# Elusively resurrected halloween stores



## Daddy's Little Corpse (Sep 7, 2006)

How does one find out where the insta-Halloween stores are going to be? You know the halloween costume/props places etc that just sort of appear in empty stores. 

I'm in N. Virginia if anyone knows of one anywhere up here.

Thanks!


----------



## ScareFX (Aug 18, 2004)

Two of the largest have store locators on their sites.
Spirit Halloween
http://www.spirithalloween.com/index.cfm/fuseaction/storeLocation.searchForm
Halloween Express
http://www.halloweenexpress.com/store_locator.php?osCsid=fbf4207f2cbfbdabc0aac415ea569e77


----------



## Daddy's Little Corpse (Sep 7, 2006)

Thanks. I had found Spirit Halloween shortly after posting. Silly me.


----------



## Johnny Thunder (Feb 24, 2006)

There's also Halloween Adventure - not sure if they are near you.

http://www.halloweenadventure.com/


----------



## ScareShack (May 26, 2006)

I just got a new one by me called Halloween costume warehouse


----------



## Daddy's Little Corpse (Sep 7, 2006)

Hmm, seems a no go for either the warehouse or halloween adventure... unless I wanted to drive all the way to Maryland. Virginia's kinda useless sometimes...


----------



## Black Cat (Aug 20, 2005)

Just spotted a Halloween Adventure store 1 mile from my home. Yippppppppppeeeeee. Not sure when it will open as the truck loads of merchandise just showed up yesterday. The Now Hiring sign is up as well.


----------



## jdubbya (Nov 6, 2005)

Black Cat said:


> Just spotted a Halloween Adventure store 1 mile from my home. Yippppppppppeeeeee. Not sure when it will open as the truck loads of merchandise just showed up yesterday. The Now Hiring sign is up as well.

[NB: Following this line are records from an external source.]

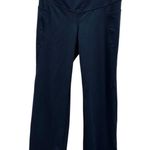 Jockey Activewear Leggings Slit Crop Flare Athletic Yoga Pants Womens Small Blue Photo 9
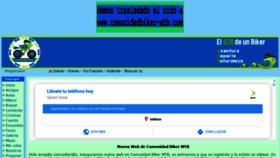 What Comunidadbiker.com website looked like in 2019 (4 years ago)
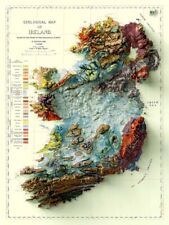 Vintage geological map for sale  CRUMLIN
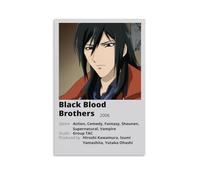 VMEOLLXUU Black Blood Brothers Comics Minimalist Art - Decorazione moderna per camera familiare, 50 x 75 cm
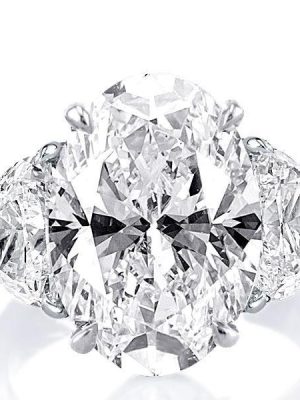 9.5 CTW 5-Stone Oval Simulated Diamond Band in Sterling Silver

The opened up a store in Erie too. First time for them here. Some different stuff but very pricey IMO. I've seen the same merchandise at other stores for considerably less, but....it's another place to hit for the day-after sales.


----------



## Johnny Thunder (Feb 24, 2006)

I have several around me - I like to just browse and look at all the cool stuff because as jdubbya said, some stuff is expensive.


----------



## NecroBones (Feb 10, 2006)

Yeah, I was gonna say, the Spirit stores are all over NoVa (my nearest one is the Dulles Town Center mall). Some of the others are more out of reach. There's a store, Halloween Adventure I think, not too far from where the MD RenFaire is too... might have to check that out one of the days I'm out doing the rennie thing.


----------



## Daddy's Little Corpse (Sep 7, 2006)

Ooooh... RenFaire. As if I wasn't in enough trouble with halloween festivities and herp shows, now RenFaire is back. Anyway, Dulles TC isn't that far off. There's usually one over at Fair Oaks mall, but it's never worth much more than screaming kids... is there a term for people that are afraid of unhinged kids in public places? That's me.

Still, at this point I think I've got as much inspiration as me and my budget can stand...


----------